DEM came out with their Quarterly with a _*Market Sensitive
*_
*Key Highlights *
_* • *Strong quarter, generating approx. A$3.3 million in cash receipts, representing approx. 65% growth over prior corresponding period  
• March Quarter 2020 confirms the structural shift to recurring revenues, with highest ever recurring revenue contribution to cashflow of 67% in March Quarter 2020   
• Strong underlying performance of acquired businesses, with Pumptech Tasmania subsidiary achieving its best-ever March Quarter  
• All contracted projects proceeding as expected
 • On track for best annual revenues on record
 • Strong balance sheet, with A$7.3 million cash as at 31 March 2020_


----------



## jbocker (30 April 2020)

Dona Ferentes said:


> DEM came out with their Quarterly with a _*Market Sensitive*_



Where can I find what market sensitive means? To me I think of, the market is touchy and this over-rides the company's fundamentals (even with good news!). Or, this is doing OK for now, but in this climate, many clients at risk of going down and this company could go cactus.
But wouldn't that apply to most company stocks at this level at this time.


----------



## Dona Ferentes (30 April 2020)

jbocker said:


> Where can I find what market sensitive means? To me I think of, the market is touchy and this over-rides the company's fundamentals (even with good news!). Or, this is doing OK for now, but in this climate, many clients at risk of going down and this company could go cactus.
> But wouldn't that apply to most company stocks at this level at this time.

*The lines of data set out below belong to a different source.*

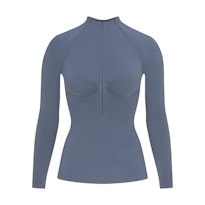 SEAMLESS SCULPT ZIP FRONT LONG SLEEVE T-SHIRT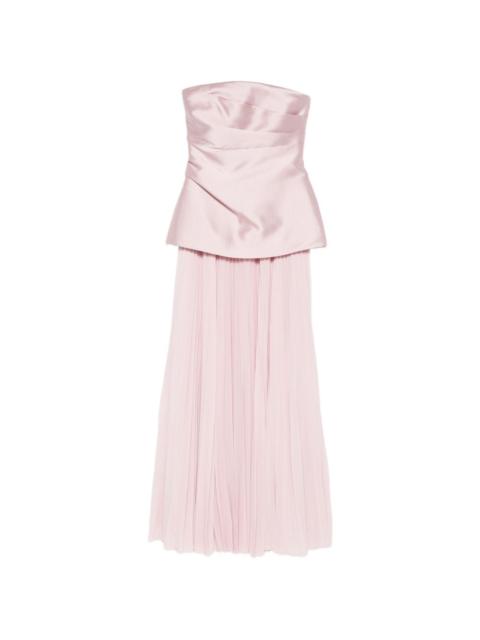 SOLACE LONDON Claudette pleated maxi dress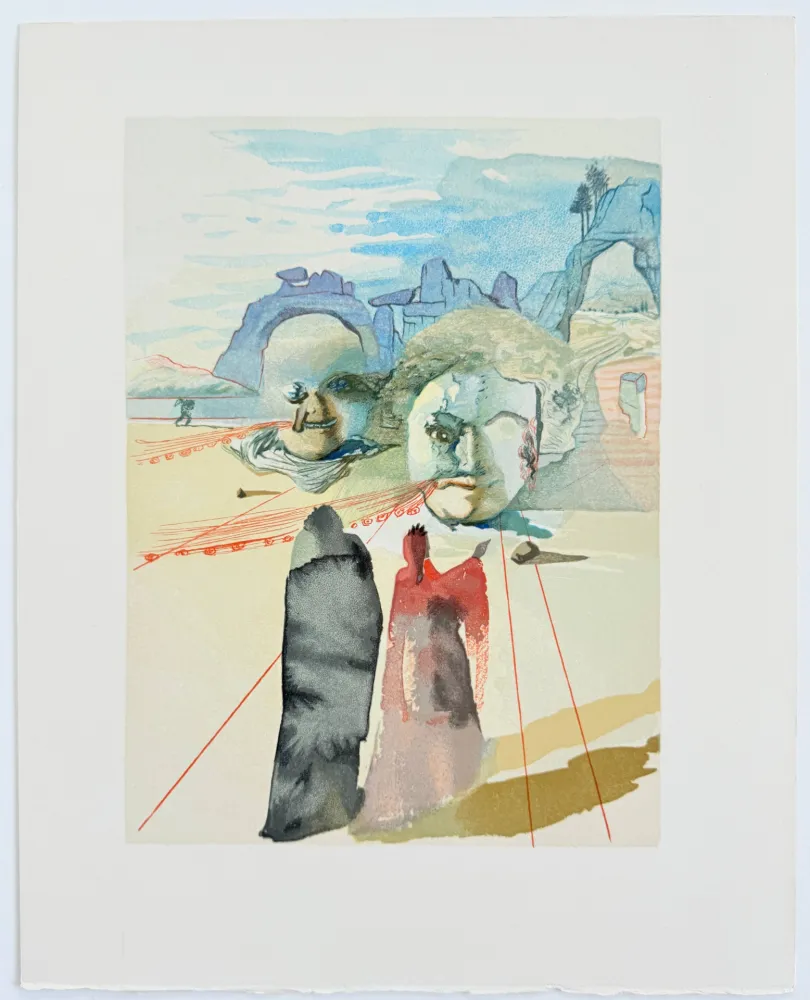 Houtsnede Dali - The Purgatory, Canto 20 - Avarice and Prodigality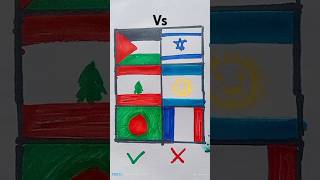 Palestine support flag vs Israel support flag drawing 🇵🇸⚔️🇮🇱youtubeshorts palestineflag shorts [upl. by Ayhtak969]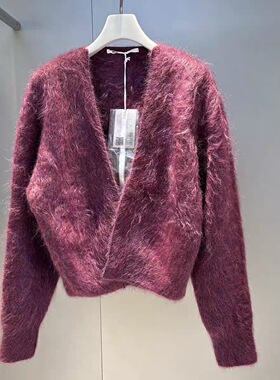 MACQNF正品2025秋冬新款高品质时尚百搭马海毛短款针织衫MQ89033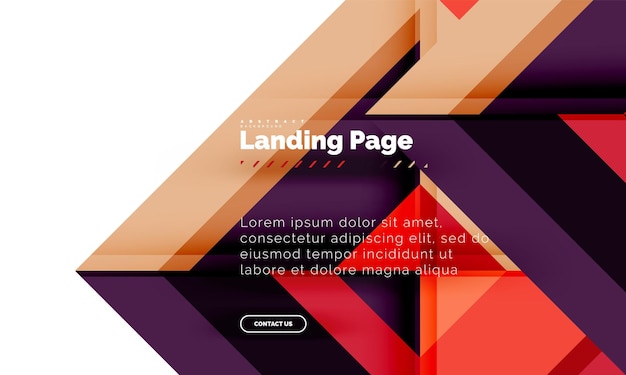 Neliönmuotoinen geometrinen abstrakti tausta, aloitussivun web design -mallipohja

It would be there in Listing Rule 3.1  - Continuous Disclosure / Market sensitive ?
https://www.asx.com.au/regulation/rules/asx-listing-rules.htm


----------



## jbocker (30 April 2020)

Dona Ferentes said:


> It would be there in Listing Rule 3.1  - Continuous Disclosure / Market sensitive ?
> https://www.asx.com.au/regulation/rules/asx-listing-rules.htm



Ahh got it. I thinking it was 'rating' related. Thanks DF. The report was good news btw, lets hope it continues.


----------



## Dona Ferentes (12 May 2020)

DEM comes out with a Market Sensitive Announcement today.

I didn't see anything too dramatic. Growth still happening, Positive cash flow a way off.


> • On track for record revenues in CY20
> • FY20F cash receipts/revenue guidance of $14-18m, driven by ~$9m of recurring revenues and $1.4m FY19 contract rollover, with $3.3m cash receipts in March Qtr2020 (seasonally weakest quarter)
> • Visible path to sustainable operating cash positive with diminishing operating cash outflow



Maybe some Corporate action - an acquisition and then going to markets for $$s?


----------



## Dona Ferentes (7 July 2020)

some nibbles on the BUY side. Order book weighted that way as well (not that it means anything)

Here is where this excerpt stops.